Three years ago, Raelene Dodd was forced to pack up her life and move hundreds of kilometres away from family to access life-saving medical treatment.
But as of this month, Ms Dodd is now finally able to receive treatment for severe kidney disease on her country.
“I’m just glad I’m home,” she said.
The newly opened four-chair dialysis unit in the remote South Australian town of Coober Pedy is the first to open under the Commonwealth’s $73 million package for up to 30 similar facilities for First Nations people across the country.
Raelene knows she’s one of the lucky ones.
There is a growing diabetes and kidney disease epidemic in Central Australia where one in 100 people are on dialysis, one of the highest rates in the country.
Those afflicted are disproportionately First Nations people and patients are getting younger, with service providers overwhelmed and unable to keep up with demand.
Prevention focus needed
Health experts want a greater focus on preventing the disease and the burgeoning tide of human suffering that goes with it.
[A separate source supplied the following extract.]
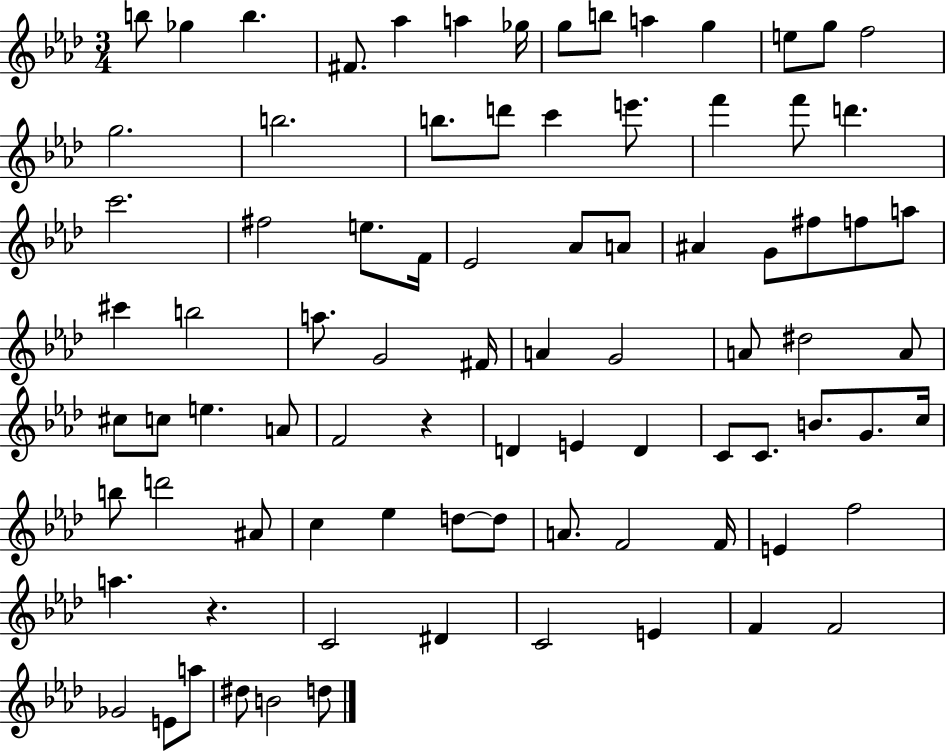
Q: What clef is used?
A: treble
“Preventing people from feeling sick and having shorter lives is really important,” said Sarah Brown, chief executive at Purple House, the Aboriginal-controlled organisation delivering the new Coober Pedy service.
“We think that by having dialysis units like this and being able to demystify dialysis, and having really honest conversations with people about the things that they can do for their families not to need dialysis, is also really important.”
Dialysis is an essential treatment for people with end stage kidney disease, which can otherwise only be treated with a kidney transplant.
Over the past 20 years, Ms Brown has seen the crippling impact of kidney disease on patients, often paired with diabetes complications and sometimes requiring amputations.
She wants to see a broader attitudinal shift across Australia to strengthen Indigenous knowledge and culture for generations to come.
“Really, end stage renal failure, for the majority of people is about poverty, dispossession and powerlessness,” she said.
“There’s a much bigger story to tell in terms of hopefully reducing the incidence of kidney disease and diabetes in the longer term, but some of that’s going to take some time.
“So in the meantime, we are focusing on helping people to get back to where they need to be and sucking the juice out of every day with their kids and their grandkids on country.”
Treatment closer to home
Assistant Minister for Indigenous Health Malarndirri McCarthy attended the opening of the Coober Pedy unit this week, which she said would increase the likelihood of patients accessing treatment while remaining connected to their community and family.
But she acknowledged more could be done to turn the tide on the devastating trends.
“We don’t want to see more of our younger First Nations people going on these chairs, we need to be able to prevent it,” she said.
It’s a deeply personal mission for Senator McCarthy, whose own mother had to move hundreds of kilometres away from her home community of Borroloola to dialyse.
Many patients forced to leave their home for treatment become dispirited and end up losing touch with family and culture.
“A lot of people decide that they just want to go back to country, whether there’s a dialysis unit there or not,” Ms McCarthy said.
“They say: ‘This is where I want to die,’ and that’s how real it is for people who are faced with this dreadful disease.”
Alongside her family, Ms Dodd embraces a rare glimmer of sunshine on an otherwise cloudy day.
After six years of meetings and consultation, she’s glad the facility has become a reality.
But she hasn’t forgotten her aunties and her uncles, also afflicted by the disease, who aren’t alive to see it open.
“They used to ask for this Purple House [facility] for years,” she said.
“It didn’t happen. It’s finally happened now.”